## Task details
Keep the pictures out of your copy. Transcribe the records below exactly.

Data for processing START

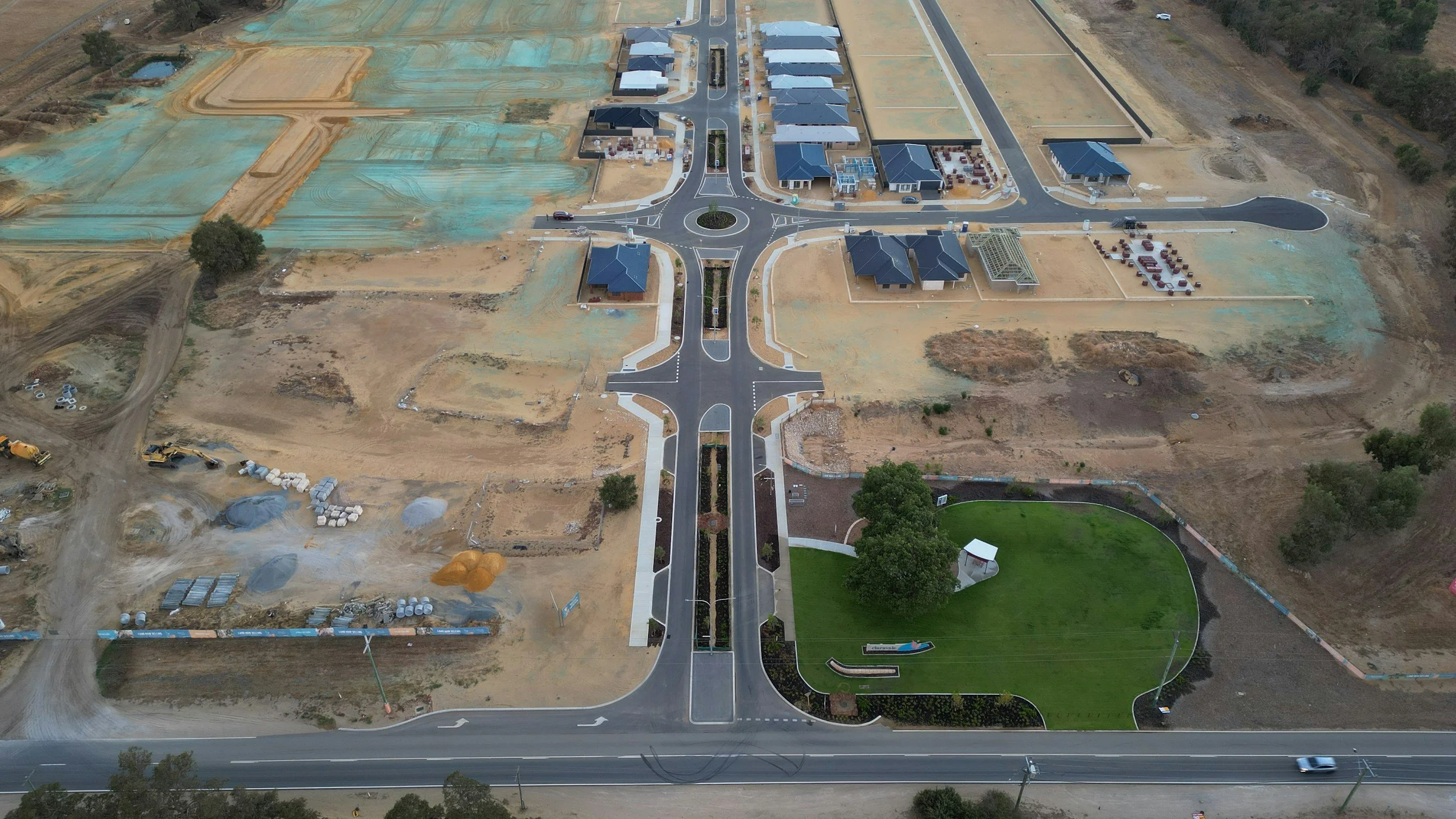 Aerial shot of development project in NSW requiring a biodiversity assessment report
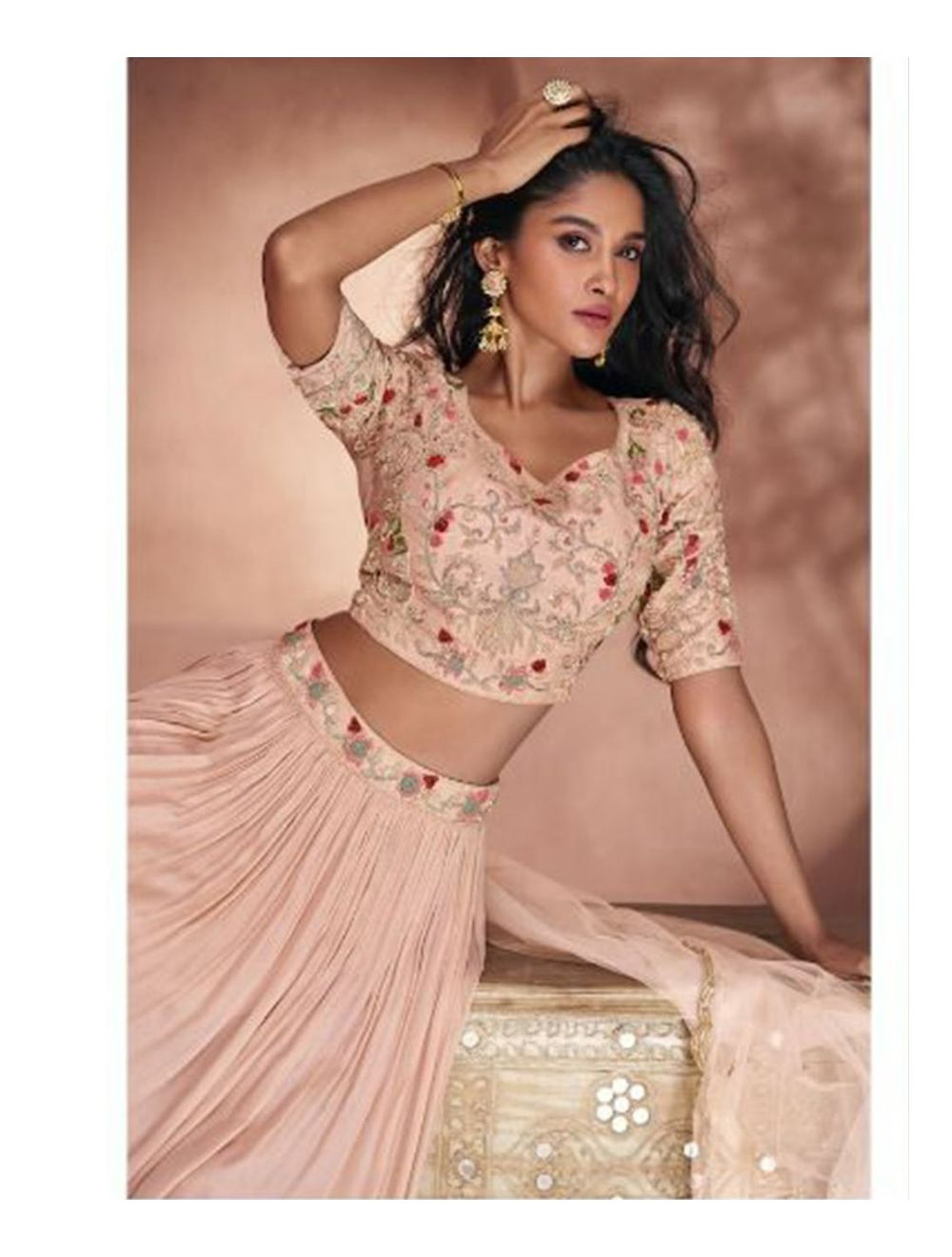 Naira crop top lehenga clearance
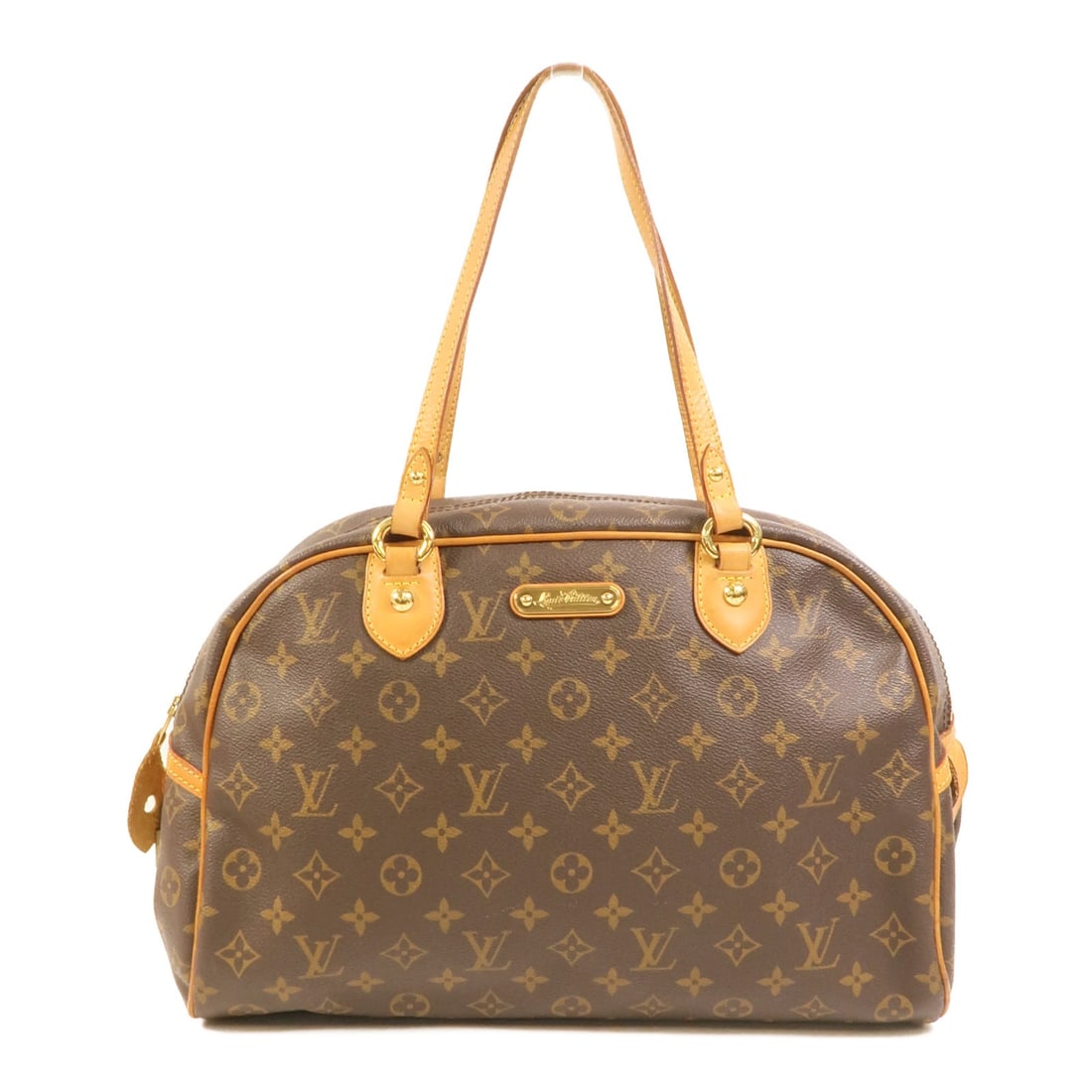 Louis Vuitton Montorgueil GM Monogram Shoulder Bag M95566 Brown: Louis Vuitton Montorgueil GM Monogram Shoulder Bag M95566 Brown Louis Vuitton Montorgueil GM shoulder bag in brown Monogram x PVC coated canvas. It features gold-tone hardware, a shoulder strap handle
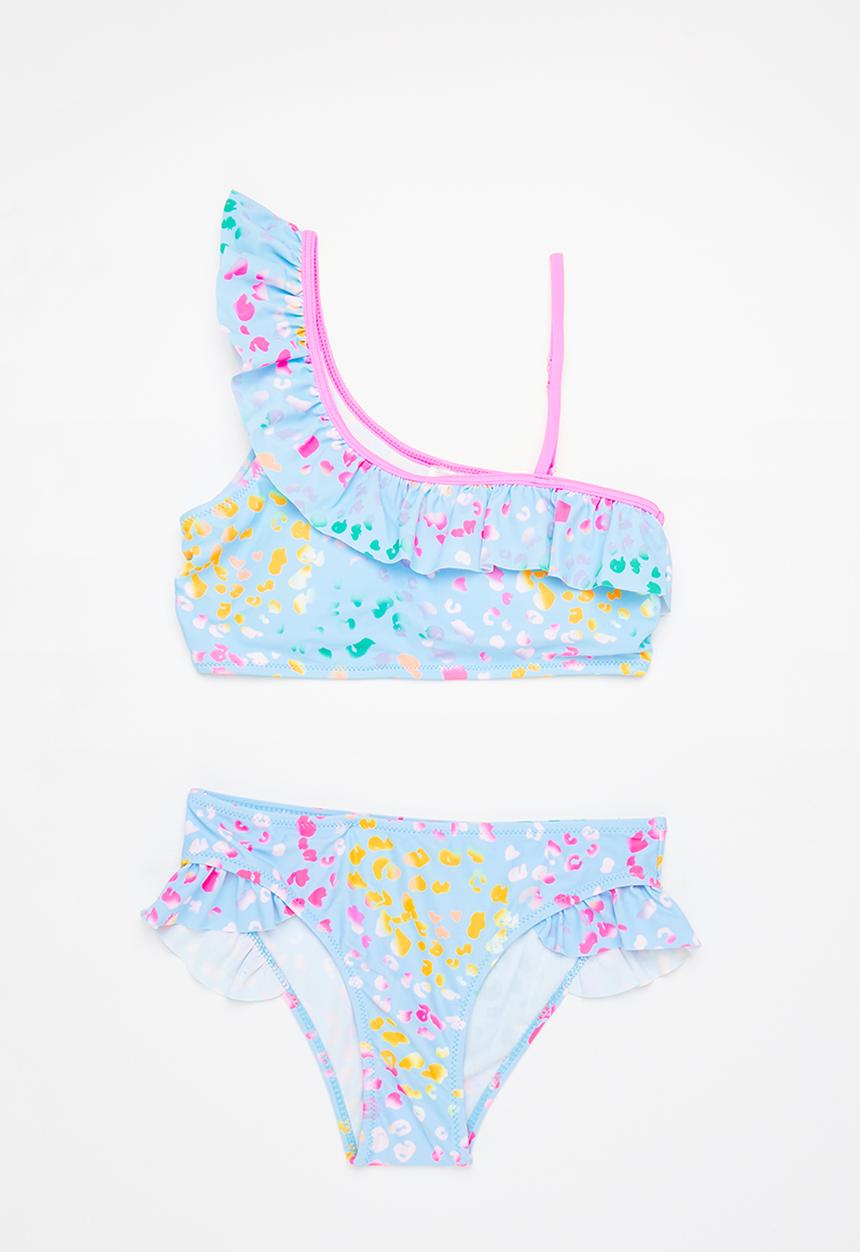 Rebel Republic - Girls one arm bikini set - multi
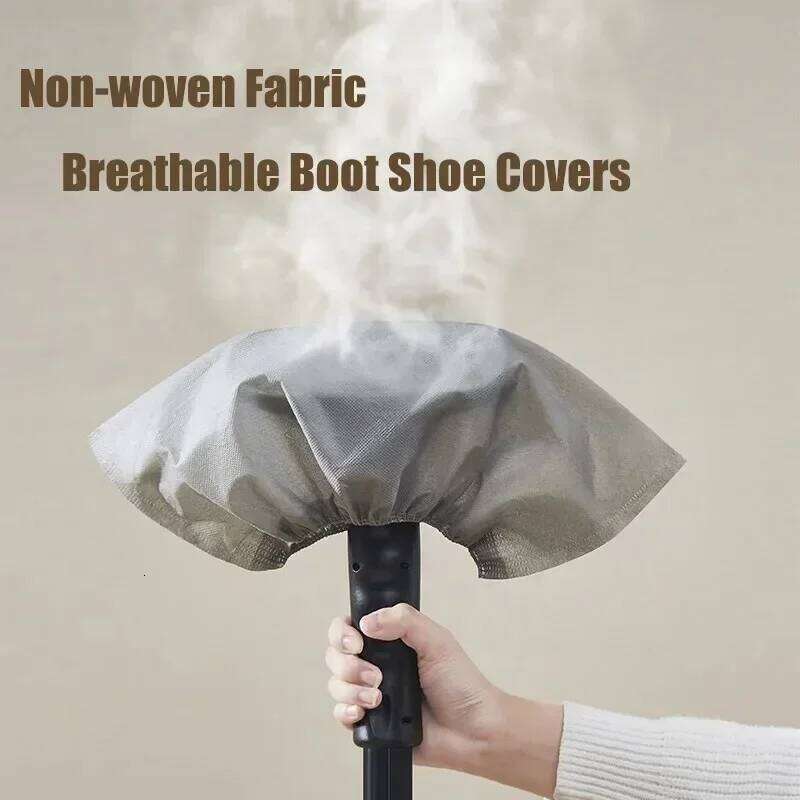 New 100pcs Disposable Boot Cover Non-Slip Stretchy Foot Booties Shoe Coverings for Workplace Indoor Carpet Floor Protection S260204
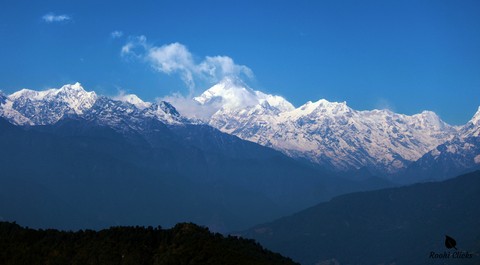 snow capped mountain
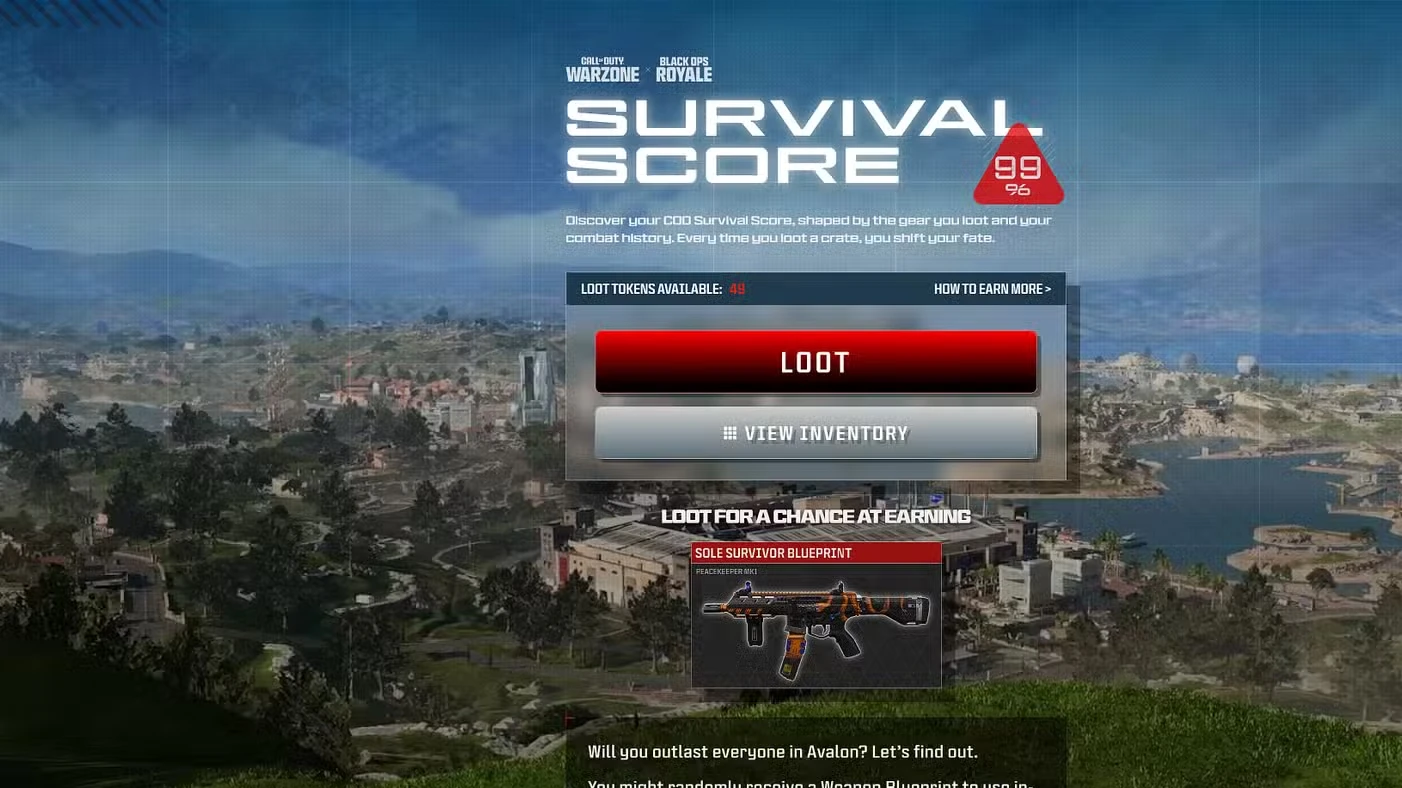 How to Get the Free Sole Survivor Blueprint in Warzone Black Ops Royale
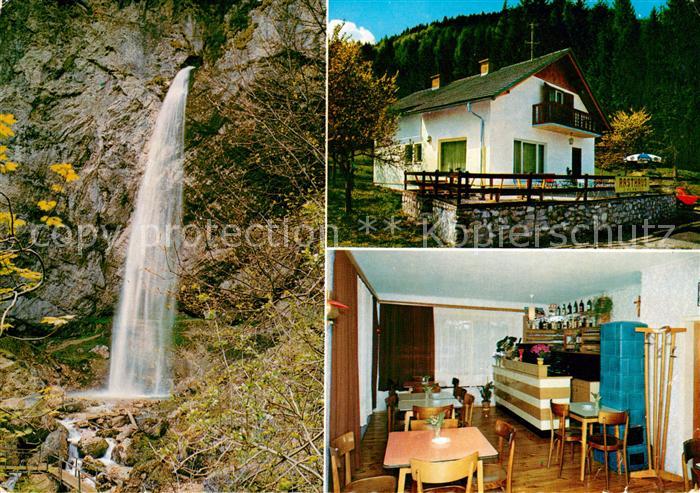 Wildenstein Kaernten Rasthaus Planteu Wsserfall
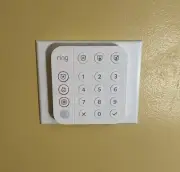 Ring Alarm Keypad Wall Mounting Plate (Large) - 3D Printed (Keypad Not Included)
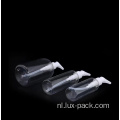 Factory 100 ml 250 ml 500 ml transparante ronde cosmetische lotionpomp en plastic fles ingesteld voor shampoo
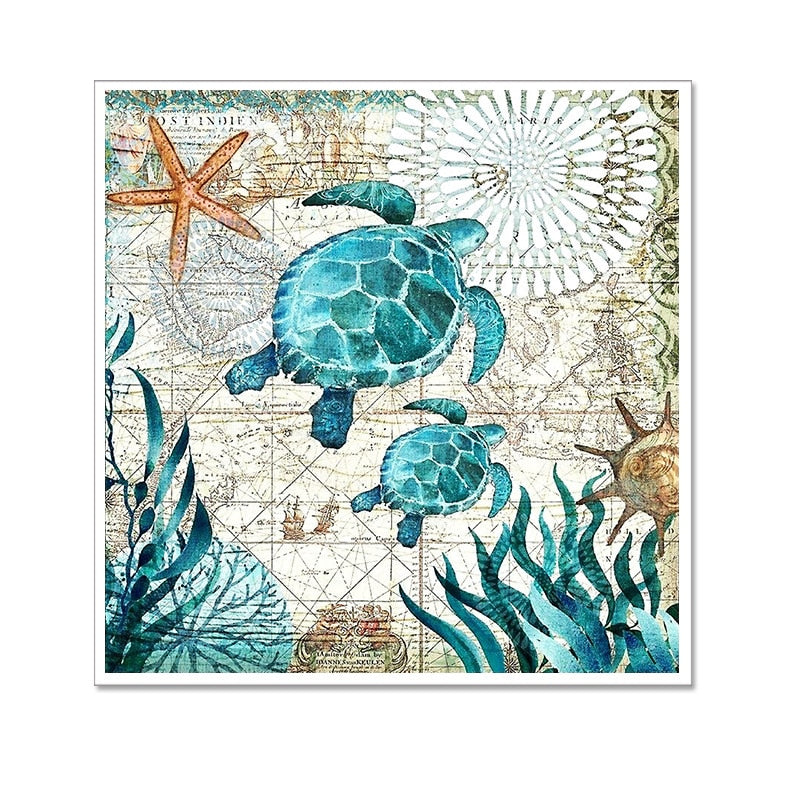 Marine Animal Canvas Painting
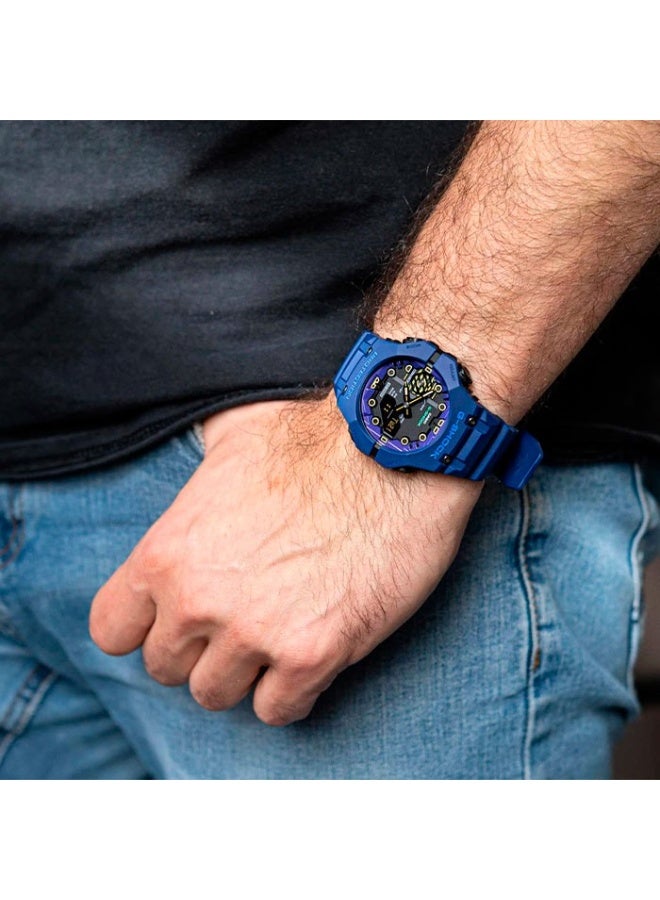 CASIO G-SHOCK GA-B001CBR-2ADR Analog-Digital Men’s Watch, Shock Resistant, 200M Water Resistant, Blue Resin Strap, Bluetooth Connectivity - Image 5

Data for processing END

## Reply
 Aerial shot of development project in NSW requiring a biodiversity assessment report
 Naira crop top lehenga clearance
 Louis Vuitton Montorgueil GM Monogram Shoulder Bag M95566 Brown: Louis Vuitton Montorgueil GM Monogram Shoulder Bag M95566 Brown Louis Vuitton Montorgueil GM shoulder bag in brown Monogram x PVC coated canvas. It features gold-tone hardware, a shoulder strap handle
 Rebel Republic - Girls one arm bikini set - multi
 New 100pcs Disposable Boot Cover Non-Slip Stretchy Foot Booties Shoe Coverings for Workplace Indoor Carpet Floor Protection S260204
 snow capped mountain
 How to Get the Free Sole Survivor Blueprint in Warzone Black Ops Royale
 Wildenstein Kaernten Rasthaus Planteu Wsserfall
 Ring Alarm Keypad Wall Mounting Plate (Large) - 3D Printed (Keypad Not Included)
 Factory 100 ml 250 ml 500 ml transparante ronde cosmetische lotionpomp en plastic fles ingesteld voor shampoo
 Marine Animal Canvas Painting
 CASIO G-SHOCK GA-B001CBR-2ADR Analog-Digital Men’s Watch, Shock Resistant, 200M Water Resistant, Blue Resin Strap, Bluetooth Connectivity - Image 5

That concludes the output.